▶ [Your task]
Each line below from the one containing "Styling 46 Ellipsoid 3" through the one containing "Guess BORSA A SPALLA Donna HWTG79 93200" is to be given again exactly, and no line outside that span.

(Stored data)
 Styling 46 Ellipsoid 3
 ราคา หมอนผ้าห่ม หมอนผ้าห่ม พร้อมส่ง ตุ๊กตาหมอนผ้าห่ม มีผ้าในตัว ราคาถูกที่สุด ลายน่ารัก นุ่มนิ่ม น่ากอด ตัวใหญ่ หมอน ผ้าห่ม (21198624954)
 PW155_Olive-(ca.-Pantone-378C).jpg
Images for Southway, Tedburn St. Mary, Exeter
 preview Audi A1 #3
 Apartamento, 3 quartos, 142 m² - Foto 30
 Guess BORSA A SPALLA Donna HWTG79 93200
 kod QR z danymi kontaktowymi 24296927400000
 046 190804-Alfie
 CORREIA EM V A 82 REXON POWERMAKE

...

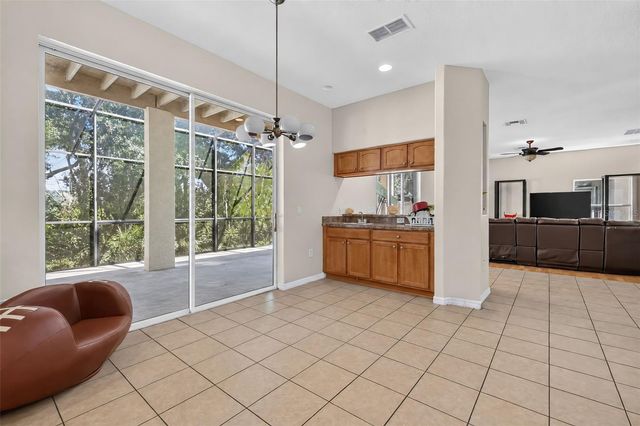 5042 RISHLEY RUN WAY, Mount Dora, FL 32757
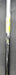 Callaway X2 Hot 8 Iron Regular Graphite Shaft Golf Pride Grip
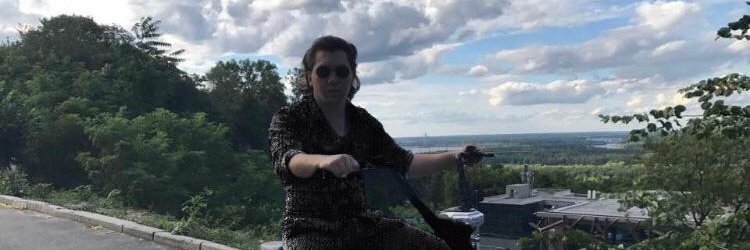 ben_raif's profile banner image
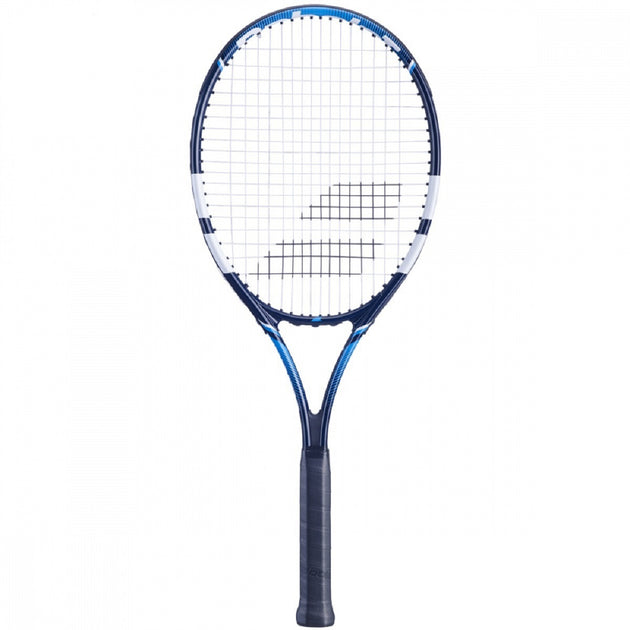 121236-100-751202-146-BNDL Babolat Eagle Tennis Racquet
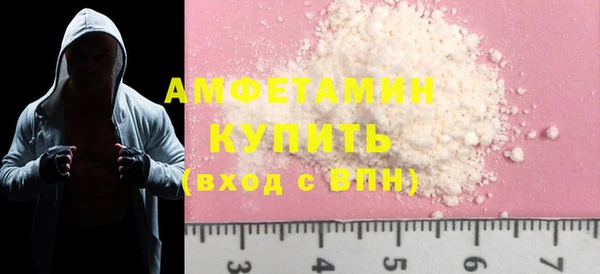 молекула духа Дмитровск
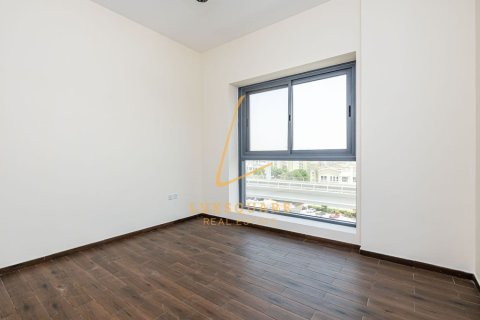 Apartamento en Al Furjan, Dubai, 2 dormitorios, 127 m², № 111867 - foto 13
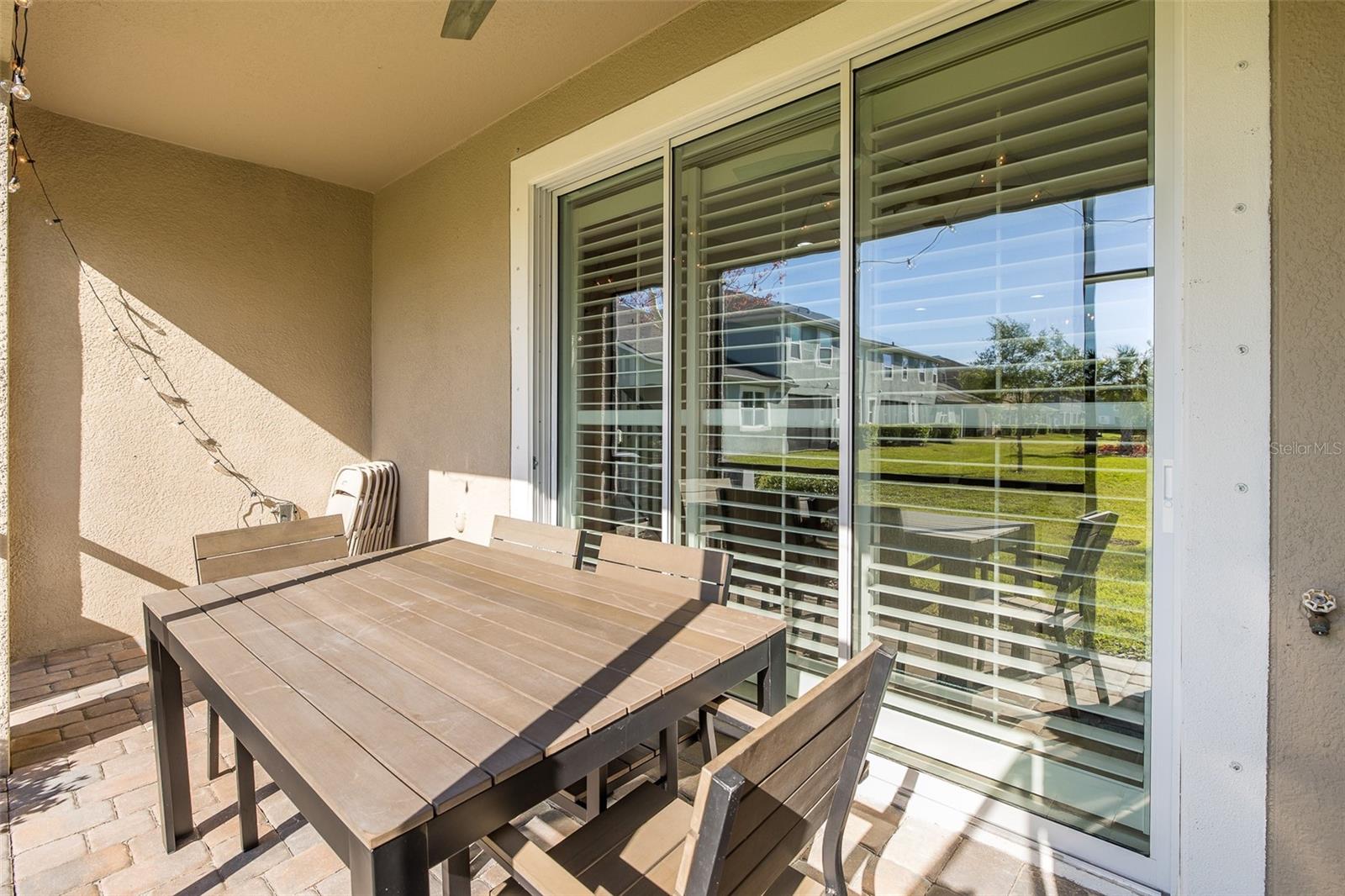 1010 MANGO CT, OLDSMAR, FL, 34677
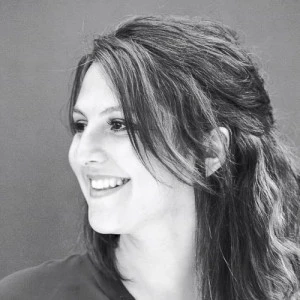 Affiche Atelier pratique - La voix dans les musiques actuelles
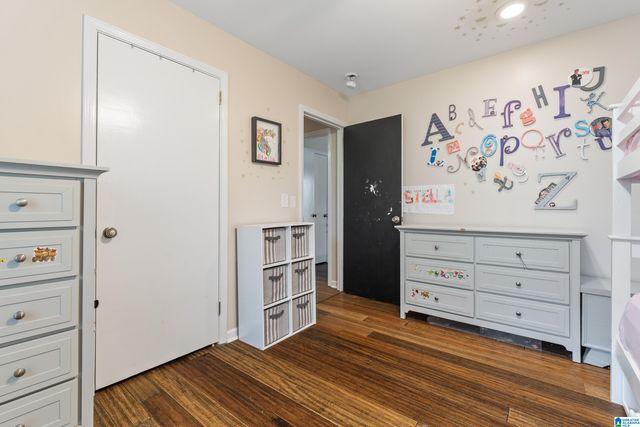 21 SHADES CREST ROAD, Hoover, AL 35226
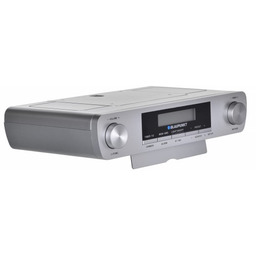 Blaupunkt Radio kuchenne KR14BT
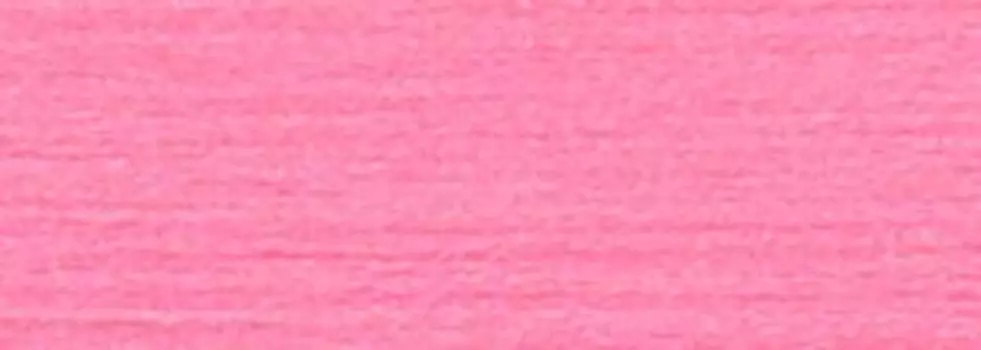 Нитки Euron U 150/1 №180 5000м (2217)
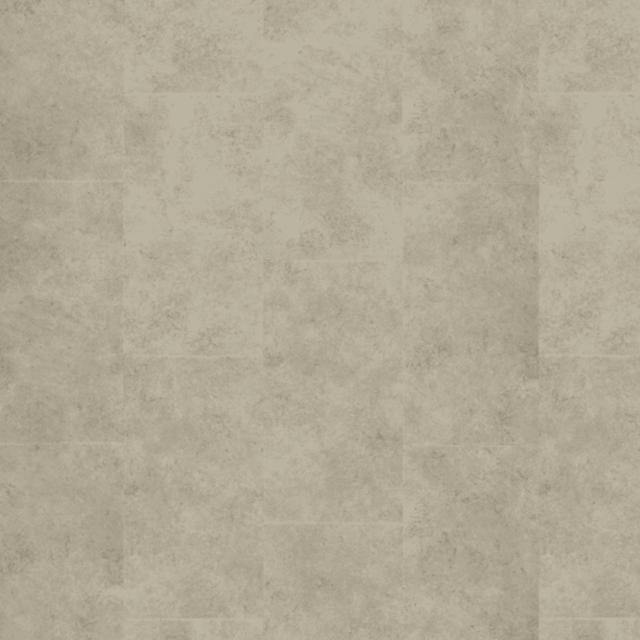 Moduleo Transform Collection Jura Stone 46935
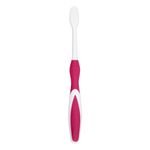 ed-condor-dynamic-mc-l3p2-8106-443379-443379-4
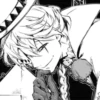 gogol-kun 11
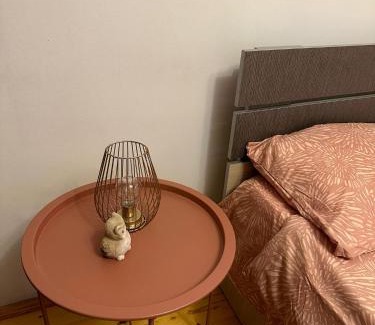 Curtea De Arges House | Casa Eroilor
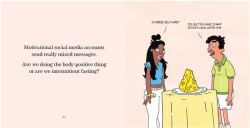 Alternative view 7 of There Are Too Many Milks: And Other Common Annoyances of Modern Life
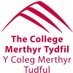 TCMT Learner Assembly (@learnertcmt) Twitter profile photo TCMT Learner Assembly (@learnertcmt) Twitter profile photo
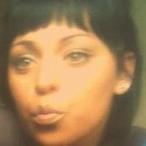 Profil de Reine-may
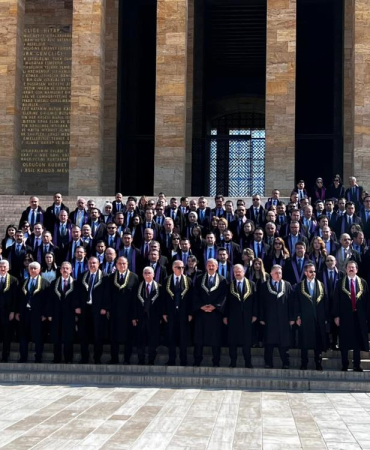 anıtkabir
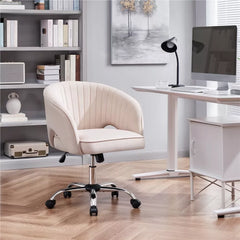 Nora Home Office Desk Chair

▶ [Answer for this exercise]
 Styling 46 Ellipsoid 3
 ราคา หมอนผ้าห่ม หมอนผ้าห่ม พร้อมส่ง ตุ๊กตาหมอนผ้าห่ม มีผ้าในตัว ราคาถูกที่สุด ลายน่ารัก นุ่มนิ่ม น่ากอด ตัวใหญ่ หมอน ผ้าห่ม (21198624954)
 PW155_Olive-(ca.-Pantone-378C).jpg
Images for Southway, Tedburn St. Mary, Exeter
 preview Audi A1 #3
 Apartamento, 3 quartos, 142 m² - Foto 30
 Guess BORSA A SPALLA Donna HWTG79 93200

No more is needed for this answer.